Belakangan saya mafhum kalau surat, amplop, dan perangko adalah tiga komponen yang terbuat dari kertas. Betapa pun saya menyadari akan hal ini beberapa bulan silam: kertas sudah menjadi bagian inheren dari proses pendidikan dan kontribusinya tak terelakkan bagi medium pembelajaran semua siswa di Indonesia.
Penamaan sahabat pena sebagai sasaran surat yang saya tulis, saya kira, sudah tepat karena ketidaktahuan kita mengenai identitas penerima pesan. Guru saya hanya memberi sinyal kalau beruntung surat itu akan dibalas. Tentu, status penerima surat itu merupakan siswa yang sama seperti saya. Bedanya,saya tak tahu di mana sekolahnya. Baru diketahui bila “beruntung” karena mendapat gayung bersambut.
Pada titik ini, saya hendak menandaskan bahwa peradaban kertas, terutama surat-menyurat di dalam pelajaran SD, berperan signifikan terhadap kontinuitas sekaligus distribusi pengalaman, pengetahuan, dan habituasi di dalam lanskap pendidikan Indonesia. Peradaban kertas setarikan napas dengan peradaban pendidikan. Tesis ini tak sekonyong-konyong glorifikasi berlebihan versi saya, tetapi semacam kode kultural yang dapat dibuktikan posisi relasionalnya.

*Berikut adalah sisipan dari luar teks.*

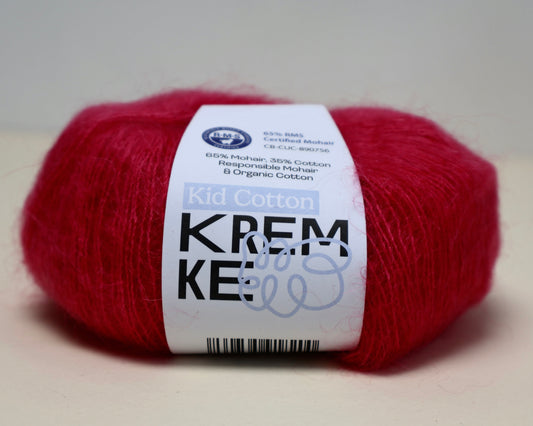 Kid Cotton Kremke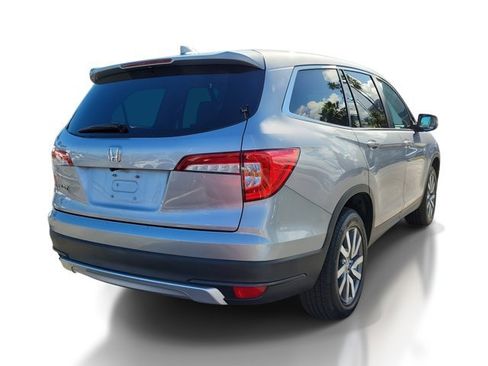 Used 2021 Honda Pilot EX image 4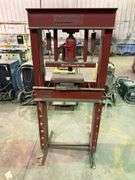 Viking Equipment 60k# Shop Press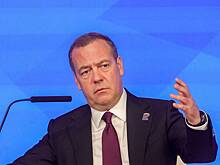 Медведев предупредил врагов России в поздравлении с Рождеством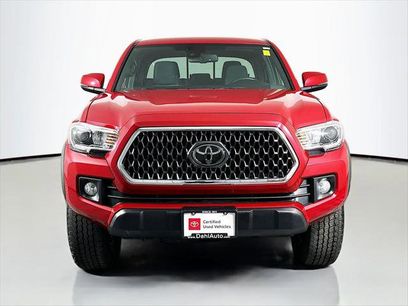 Certified 2018 Toyota Tacoma TRD Off-Road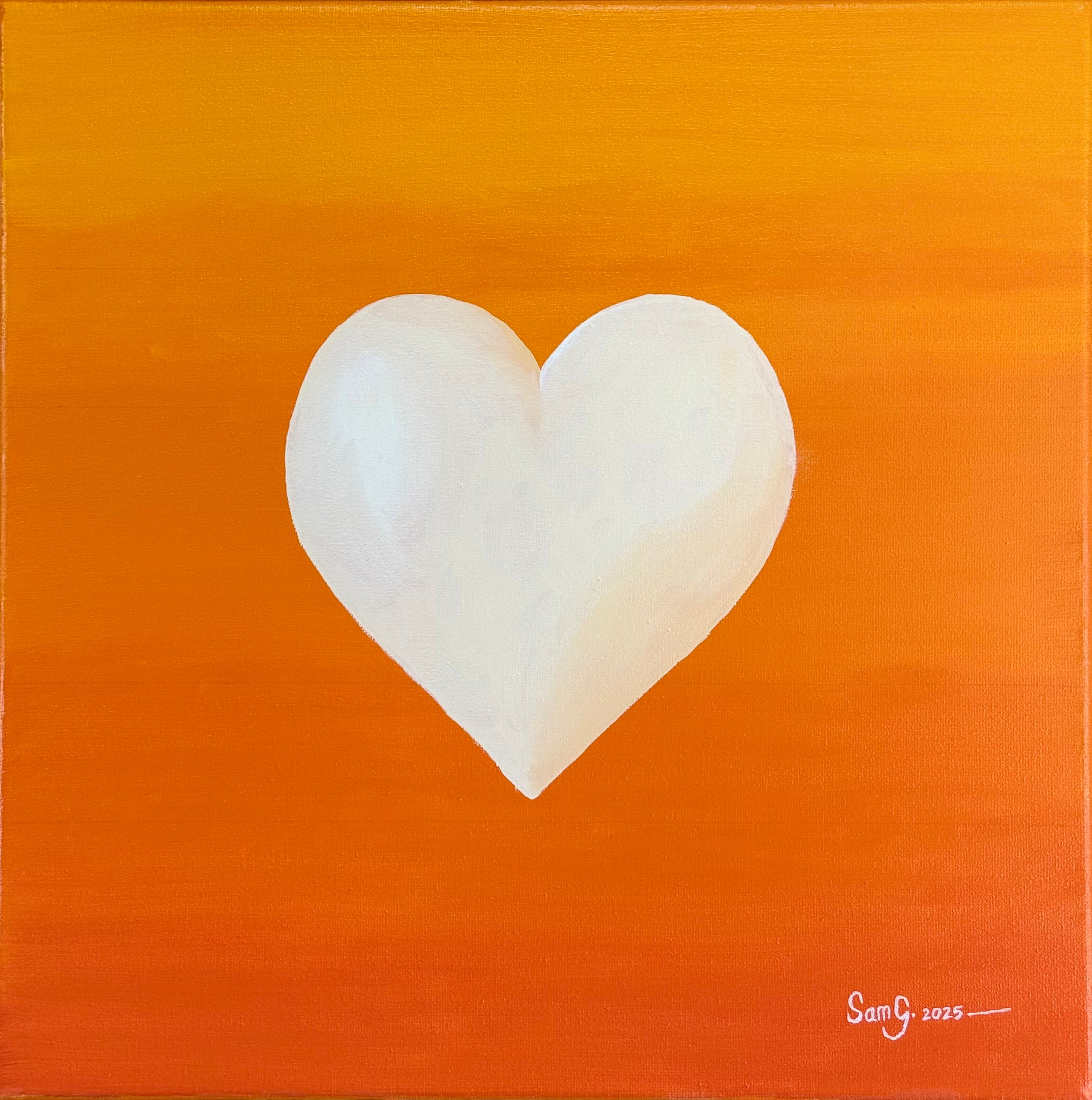 "Happy Pt.1" Original Artwork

Saya mendukung direduksinya peran kertas dalam media pembelajaran di sekolah karena pertimbangan ekologis. Eksploitasi kertas yang berbahan baku kayu mesti dikurangi, sekalipun kebijakan ini harus ditransformasikan secara perlahan-lahan. Walaupun eksistensi surat-menyurat sekarang tak hadir di ruang kelas sebab telah digantikan media digital, kurikulum pendidikan nasional yang berisi substansi itu tak kering ide.
Surat-menyurat masih eksis dengan dimediasi surel. Saya setuju akan hal ini. Hal tersebut berarti komodifikasi kayu untuk dijadikan kertas makin ditinggalkan. Tetapi keunikan sekaligus kenangan yang menyertainya, sebagaimana saya uraikan di atas, sukar disetip, setidaknya bagi saya sendiri.
Peradaban pradigital yang memosisikan kertas sebagai titik sentral distribusi kenangan dan pengetahuan telah lama mengakik di dalam memori kolektif kita. Peradaban kita telah dibantu secara total oleh kertas. Tanpa itu, kita sekadar melewatkan masa silam di benak. Padahal, dengan kertas, kesilaman ini dimampatkan sehingga menjadi bukti autentik—semacam data historis yang niscaya empiris.
Pertanyaannya kemudian, dapatkah memori romantis akan surat-menyurat berbahan kertas itu bisa (sepenuhnya) diganti oleh peran surel? Ini pertanyaan retoris yang menarik didedah lebih lanjut.